Санпропускник был обыкновенным бараком, продуваемым ветром, с огромным количеством клопов. По бокам двухэтажные сплошные нары, в каждом углу барака - печи, сделанные из железной бочки изпод горючего, поставленной "на попа". Нары без постели, спали мы на голых досках, а когда выдали бушлат и телогрейку, то одно стелили, другим укрывались, и мы чувствовали себя уже почти хорошо. В изголовье я положила свое пальто, в котором два года назад была арестована.
Нас, больных, из этого этапа оказалось человек триста, все дистрофики, поносники и тем не менее нас кормили селедкой и баландой из общего котла. Сахар, полагающийся нам по лагерной норме десять граммов, клали в общий котел. А учитывая, что из этого количества надо еще украсть, чай действительно был "сладким".
Попозже нам стали давать витамины-драже и по ложке какого-то жира. Колыму в те годы снабжала Америка, еще был жив Рузвельт. В магаданских лечебных учреждениях было много витаминов. Не зная действия, ими заменяли конфеты, с ними пили чай.
В ту пору, как я приехала, на Колыме начальником "Дальстроя"
был некто Никитов, а его жена, вернее, любовница Гредасова была начальником "Маглага". Система управления всего Колымского края была в руках НКВД. Все начальники того или иного предприятия были нквдешниками с полным подчинением "наместнику" этого края Никитову. На каждом заводе изготавливались особые продукты, называемые "никитовскими". Пиво, селедка, балыки, мясные изделия - все это, минуя магазины, направлялось в дом Никитова, который в ту пору представлял собой крепость за высоким забором с охраной снаружи.
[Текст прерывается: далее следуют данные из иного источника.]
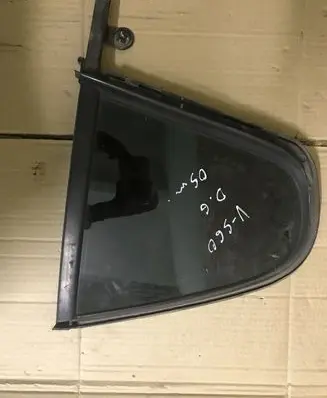 Volvo S60 Rear vent window glass DOT497M41AS243R000470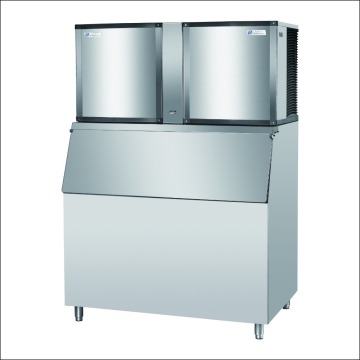 680kg Commercial Split Ice Maker for Hotels and Restaurants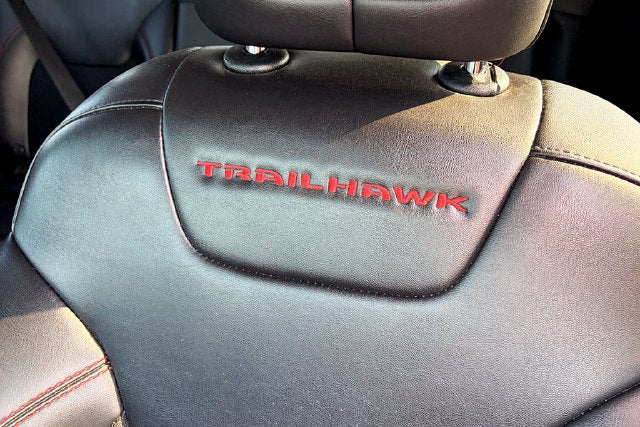 2019 Jeep Cherokee Trailhawk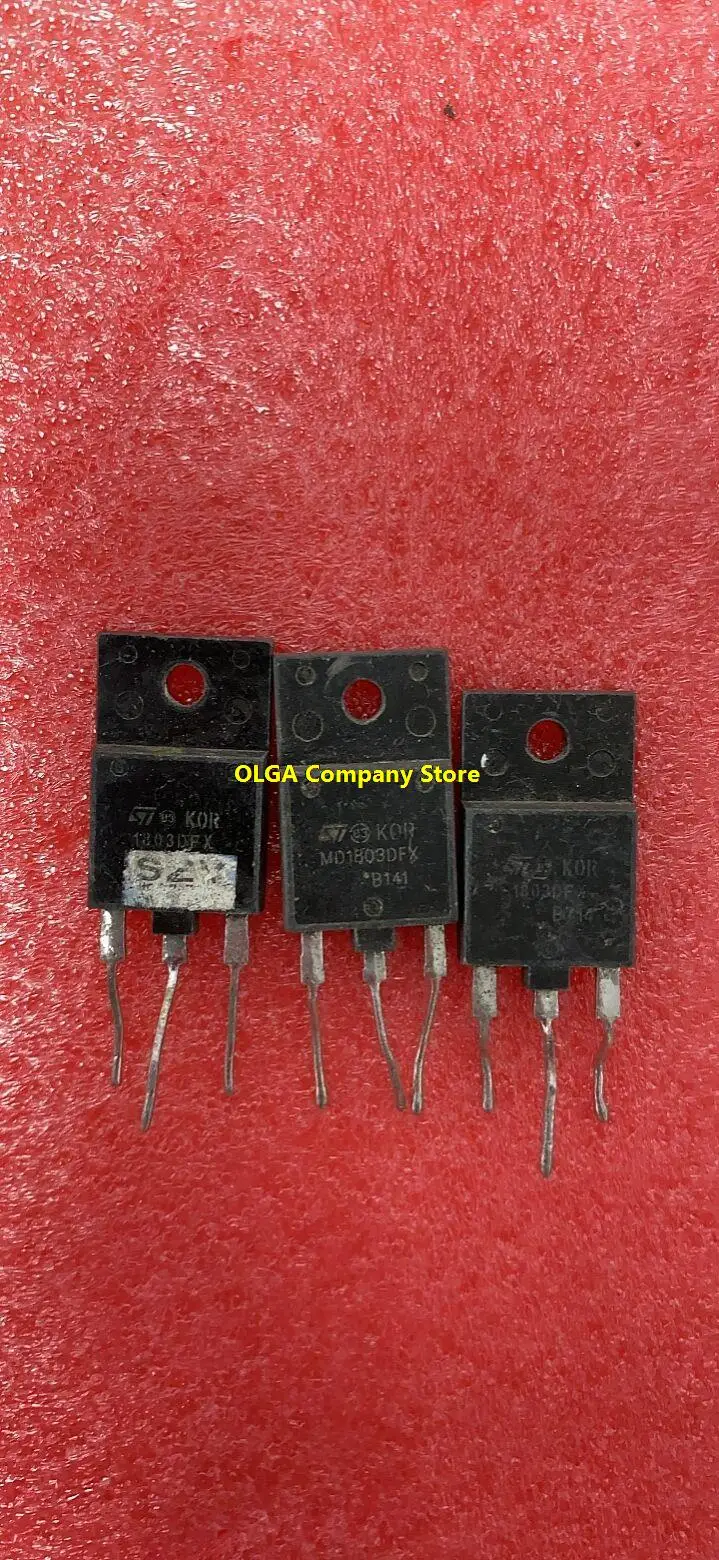 Imported original long-leg disassembly machine to test the triode MD1803DFX SZY1803 50PCS -1lot
Imported original long-leg disassembly machine to test the triode MD1803DFX SZY1803 50PCS -1lot
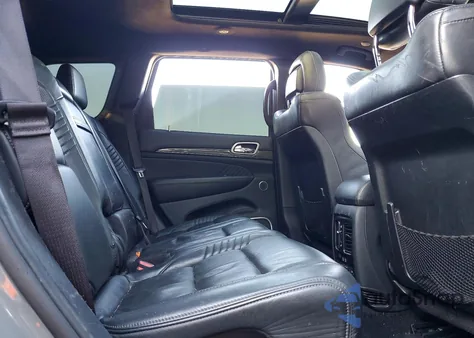 2019 Jeep Grand Cherokee Trackhawk из США, поврежденный, VIN 1C4RJFN91KC701887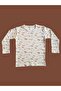 Long-Sleeved Patterned Kids Pajama Set #printedkidspajamas #laundrygarden #carpatternpajamas - 2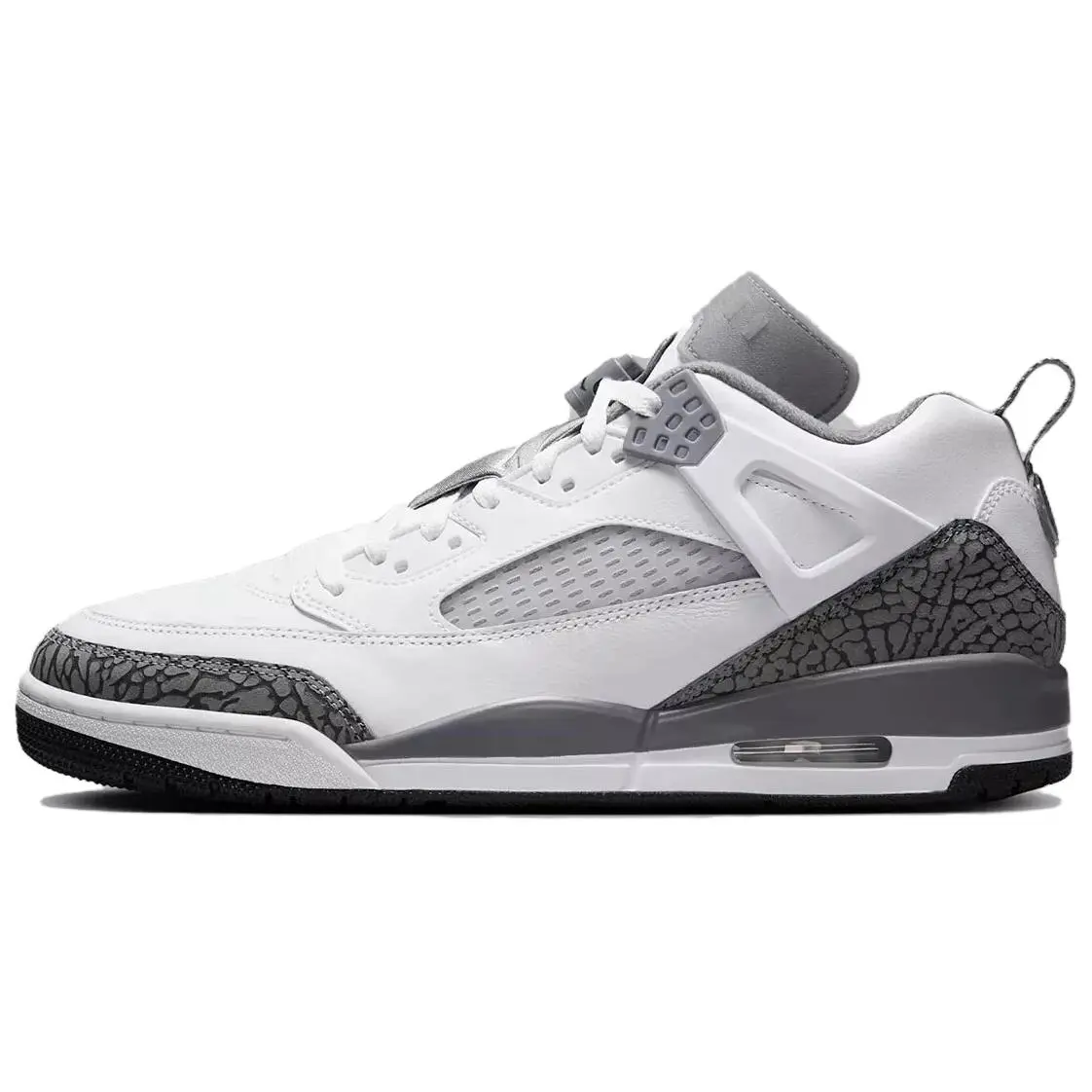 Jordan Spizike Low Cool Grey Anthracite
Все подобные и другие тайны мы знали от заключенных, которые работали на этих заводах, а также от домработниц, которых Гредасова держала по четыре человека, тоже из зеков. На работу на хлебозавод, пивзавод, мясокомбинат нас, осужденных по 58-й, не посылали, только так называемых бытовиков, а из них большое число воровок, поэтому они мастерски тащили "никитовские" продукты, хотя и подвергались тщательному обыску.
Я уже провалялась в санитарном бараке больше двух месяцев, понос продолжался, ноги оставались по-прежнему отекшими, выглядели как две тумбы. В это время пришли начальник швейной фабрики Железнякова и начальник санчасти отбирать на работу подходящих людей. Я стала просить, чтобы взяли меня, но сперва их смущал мой изможденный вид, долго они не соглашались, но, наконец, согласились, и Железнякова взяла меня на швейную фабрику. Из таких же доходяг создали бригаду, и мы сели за моторы. Жить нас поместили в барак на кожзаводе. Там было всего два барака: один продуваемый, как решето, а другой капитальный, с вагонкой. Там было тепло, чисто, в нем жили женщины, арестованные в тридцать седьмом, так называемые "члены семьи".